--- START ---
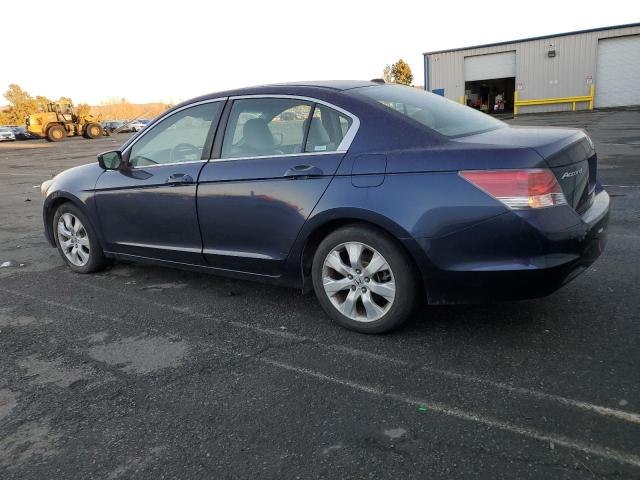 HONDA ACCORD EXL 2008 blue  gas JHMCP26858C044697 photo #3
--- END ---
--- START ---
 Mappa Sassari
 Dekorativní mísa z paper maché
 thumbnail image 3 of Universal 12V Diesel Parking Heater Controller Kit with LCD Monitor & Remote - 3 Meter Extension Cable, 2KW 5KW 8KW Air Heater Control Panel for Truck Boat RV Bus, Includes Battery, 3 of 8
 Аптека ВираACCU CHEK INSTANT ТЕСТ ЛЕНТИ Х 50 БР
--- END ---
◆ WORK INSTRUCTIONS:
Return exactly the lines above from the line that has "thumbnail image 3" through the line that has "Аптека ВираACCU CHEK", inclusive, and nothing else.

◆ SOLUTION TO THIS PROBLEM:
 thumbnail image 3 of Universal 12V Diesel Parking Heater Controller Kit with LCD Monitor & Remote - 3 Meter Extension Cable, 2KW 5KW 8KW Air Heater Control Panel for Truck Boat RV Bus, Includes Battery, 3 of 8
 Аптека ВираACCU CHEK INSTANT ТЕСТ ЛЕНТИ Х 50 БР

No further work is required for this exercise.